I could sense the inner child wondering, Am I not important? Does he not care about me enough? Am I not worthy of his time?
I reassured her, that this was not the case.
I was frustrated that all these decades later, work was still taking a precedence.
In truth, I was mostly upset by my reaction to his behavior. I thought that I had felt, processed, and moved past these childhood feelings.
When I was a kid, I felt that my dad’s priorities were late nights at the office, soccer games, work and personal travel, and time with friends. Though I often didn’t feel chosen, I still knew that he loved me. He was always working to afford us with opportunities, would sit and explain math problems when my literature and arts brain couldn’t make sense of it, and offered support with big decisions like which college to go to or how to negotiate a car purchase.
He loved me in his own way. And yet, he was emotionally distant and often physically absent.
In the past few years, I’ve reframed my experience and have chosen to empathize with my dad (and from the experiences of others in his generation).

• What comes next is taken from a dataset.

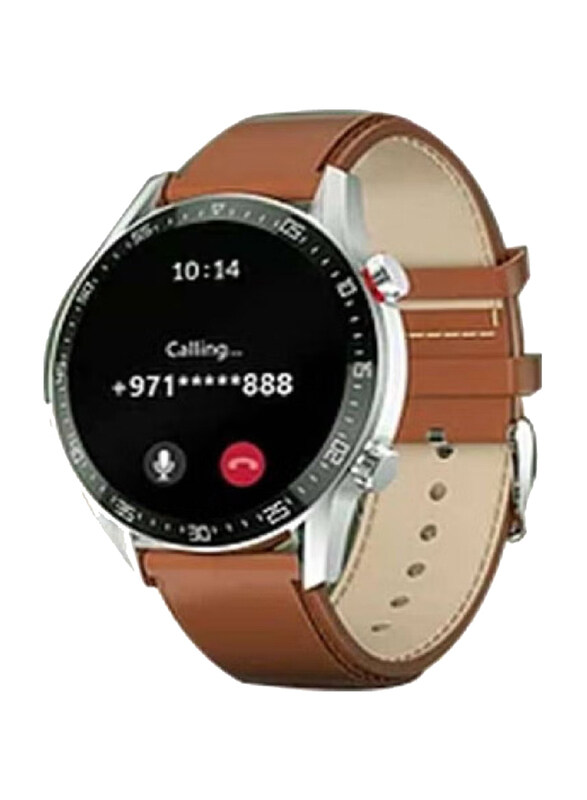 

Haino Teko Germany High Quality Smart Watch, Silver/Brown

Many of them came from a cohort of men who acted differently; they were taught differently. Our dads didn’t have the same tools and education around psychology, child behavior, and emotions as the men of today’s generations have.
My immigrant, Eastern European father was doing what he had seen mirrored to him as a kid, likely by my grandfather. There was little talk of emotions, everything was work-focused, ensuring survival, and being a good father meant providing for the family.

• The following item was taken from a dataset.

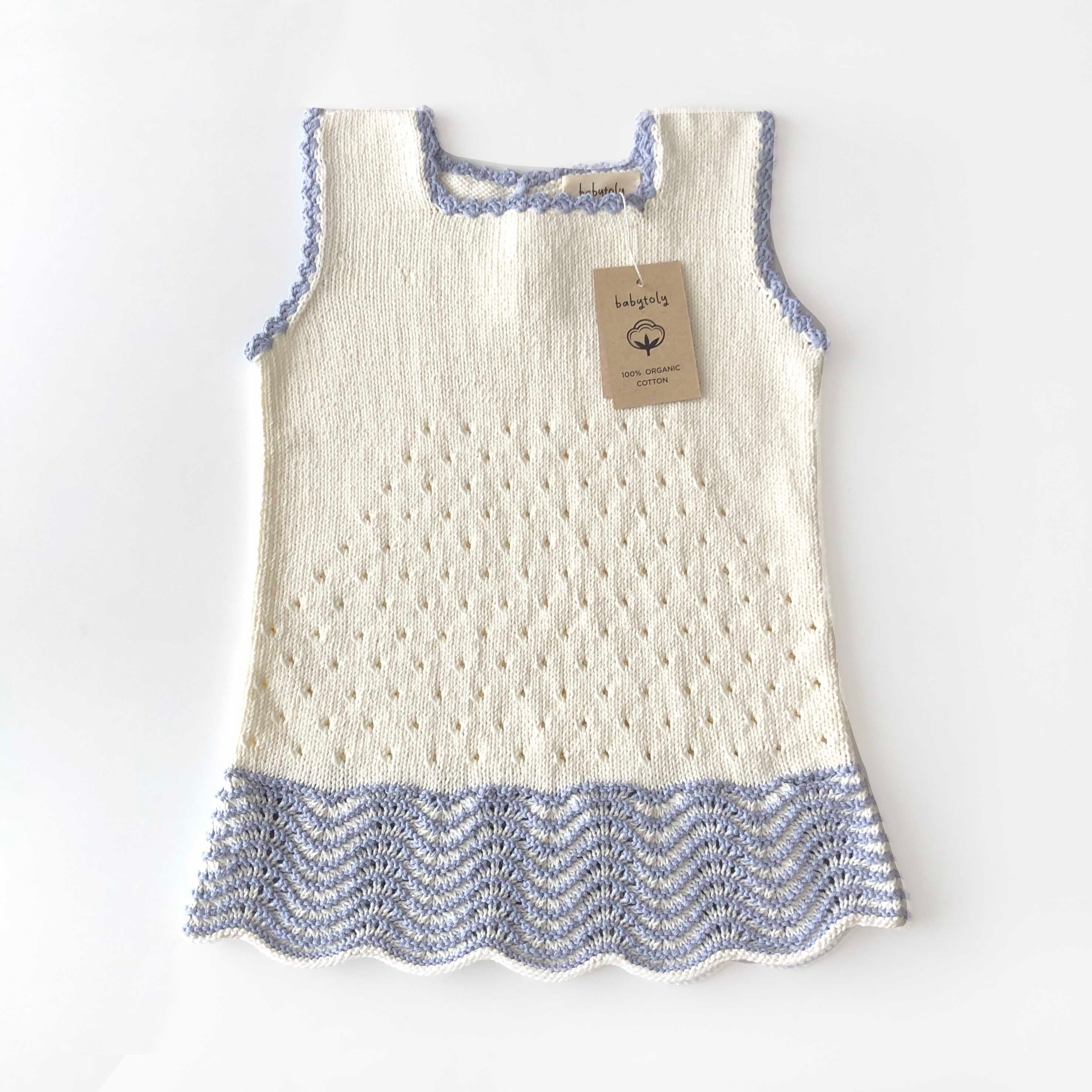 Artemis Dress / 2 Color, Snow × Periwinkle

Feelings deeply held within our memory bank are like annual rings or growth rings within a tree trunk. The tree expands outwards and grows, but the initial rings are still present within the center of the tree. Yes, they’re further back, and therefore the challenging memories that have touched us likely don’t sting as much as they once did. But when they do surface, we must give ourselves space to sit with them, reflect, and see what else we can uncover and understand about ourselves.
I got curious about the feelings coming up, instead of judging the sadness and disappointment. I was being encouraged to feel this wound again. I needed to remember how much this experience shaped who I am and to recognize how much I’d grown. The universe wants me to evolve, and the way it does that is by prompting me to confront the things that are still lingering within me.
In the end, I called my dad and told him how important it was for him to come visit me. I shared that I wanted to spend time with him and gave him a clear timeframe of what would work. (Hello boundaries and speaking up for what we need! We’ll talk about those in another post.)
These last few weeks have surfaced some deep-rooted wounds that will continue to be nudged until I’ve squeezed every bit of wisdom and understanding out of them. As Buddhist teacher Pema Chodron says, “Nothing ever goes away, until it has taught us what we need to know.”
My dad finally booked his flight. He arrives this afternoon.
What’s coming up for you that was ingrained in the past? Are you being prompted to continue learning the same lesson?